Le président Poutine estime la valeur du Groenland à 1 milliard de dollars.
Le 22 janvier, le président russe Vladimir Poutine s'est exprimé publiquement pour la première fois sur la tentative américaine d'acquérir le Groenland. Le dirigeant russe a affirmé qu'il s'agissait d'une question bilatérale entre les États-Unis et le Danemark, et a estimé la valeur de l'île à environ un milliard de dollars, se basant sur des précédents historiques.

S'exprimant lors d'une réunion du Conseil de sécurité russe, le président Poutine a clairement indiqué que la question de la souveraineté sur le Groenland n'était pas une préoccupation pour Moscou.
« Ce qui se passe au Groenland ne nous concerne absolument pas. Je pense que les États-Unis et le Danemark régleront ce problème entre eux », a souligné Poutine, balayant d'un revers de main les spéculations concernant les ambitions de la Russie pour cette île arctique.
Cette déclaration intervient alors que le président américain Donald Trump, à Davos, en Suisse, a pris des mesures pour désamorcer les tensions, en retirant ses menaces de droits de douane sur l'Europe et en s'engageant à ne pas utiliser la force pour s'emparer de l'île semi-autonome appartenant au Danemark.
Le point le plus remarquable de la déclaration de Poutine résidait dans l'évaluation qu'il faisait de cet accord.

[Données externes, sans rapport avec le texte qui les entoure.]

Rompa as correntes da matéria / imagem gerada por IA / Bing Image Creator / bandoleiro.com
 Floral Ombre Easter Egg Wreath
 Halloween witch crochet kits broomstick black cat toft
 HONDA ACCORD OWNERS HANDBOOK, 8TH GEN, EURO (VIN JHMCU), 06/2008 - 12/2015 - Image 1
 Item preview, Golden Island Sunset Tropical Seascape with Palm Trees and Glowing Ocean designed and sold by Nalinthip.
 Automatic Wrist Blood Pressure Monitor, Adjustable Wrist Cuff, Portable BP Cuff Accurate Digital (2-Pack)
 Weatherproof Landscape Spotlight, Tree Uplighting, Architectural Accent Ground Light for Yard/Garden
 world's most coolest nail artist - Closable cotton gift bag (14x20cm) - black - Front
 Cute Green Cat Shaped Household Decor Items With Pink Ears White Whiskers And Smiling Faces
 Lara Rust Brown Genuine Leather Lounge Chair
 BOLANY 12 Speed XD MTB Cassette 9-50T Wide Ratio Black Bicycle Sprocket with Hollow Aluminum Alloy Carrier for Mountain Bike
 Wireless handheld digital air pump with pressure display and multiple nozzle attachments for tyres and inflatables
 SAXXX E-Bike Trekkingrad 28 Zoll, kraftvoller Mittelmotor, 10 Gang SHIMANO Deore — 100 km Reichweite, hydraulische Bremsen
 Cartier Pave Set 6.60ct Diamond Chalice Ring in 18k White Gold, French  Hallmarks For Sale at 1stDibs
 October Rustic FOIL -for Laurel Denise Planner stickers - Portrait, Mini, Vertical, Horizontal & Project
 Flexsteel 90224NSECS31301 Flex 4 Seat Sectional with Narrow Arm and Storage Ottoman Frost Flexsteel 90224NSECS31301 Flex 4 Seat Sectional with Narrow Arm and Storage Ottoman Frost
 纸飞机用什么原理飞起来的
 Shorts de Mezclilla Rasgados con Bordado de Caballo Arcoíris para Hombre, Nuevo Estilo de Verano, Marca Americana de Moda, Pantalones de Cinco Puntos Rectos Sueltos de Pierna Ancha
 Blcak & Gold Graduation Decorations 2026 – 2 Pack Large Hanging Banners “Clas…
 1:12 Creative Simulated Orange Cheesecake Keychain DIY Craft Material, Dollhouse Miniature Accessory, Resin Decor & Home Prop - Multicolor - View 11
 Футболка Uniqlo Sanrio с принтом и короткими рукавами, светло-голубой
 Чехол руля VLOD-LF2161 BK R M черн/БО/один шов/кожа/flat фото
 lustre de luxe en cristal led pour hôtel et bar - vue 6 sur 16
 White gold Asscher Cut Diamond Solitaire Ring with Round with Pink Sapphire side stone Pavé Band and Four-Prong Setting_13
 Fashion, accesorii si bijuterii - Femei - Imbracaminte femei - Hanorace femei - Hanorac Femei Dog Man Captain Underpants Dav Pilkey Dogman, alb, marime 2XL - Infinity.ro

Le président russe a rappelé des précédents historiques en matière de transactions territoriales : la Russie avait vendu l'Alaska aux États-Unis en 1867 pour 7,2 millions de dollars, et le Danemark avait vendu les îles Vierges à Washington en 1917.
En se basant sur le prix de l'accord concernant l'Alaska, après ajustement pour l'inflation, calcul de la différence des prix de l'or et prise en compte de la plus grande superficie du Groenland, Poutine a estimé : « L'achat du Groenland au Danemark pourrait coûter environ 1 milliard de dollars. »
Il a également fait remarquer, sur le ton de la plaisanterie, que c'était une somme que Washington pouvait tout à fait se permettre.
Les observateurs estiment que, malgré le détachement apparent de Moscou, les profondes divisions entre les États-Unis et l'Europe au sujet du Groenland pourraient conférer à la Russie un certain avantage géopolitique dans la région arctique.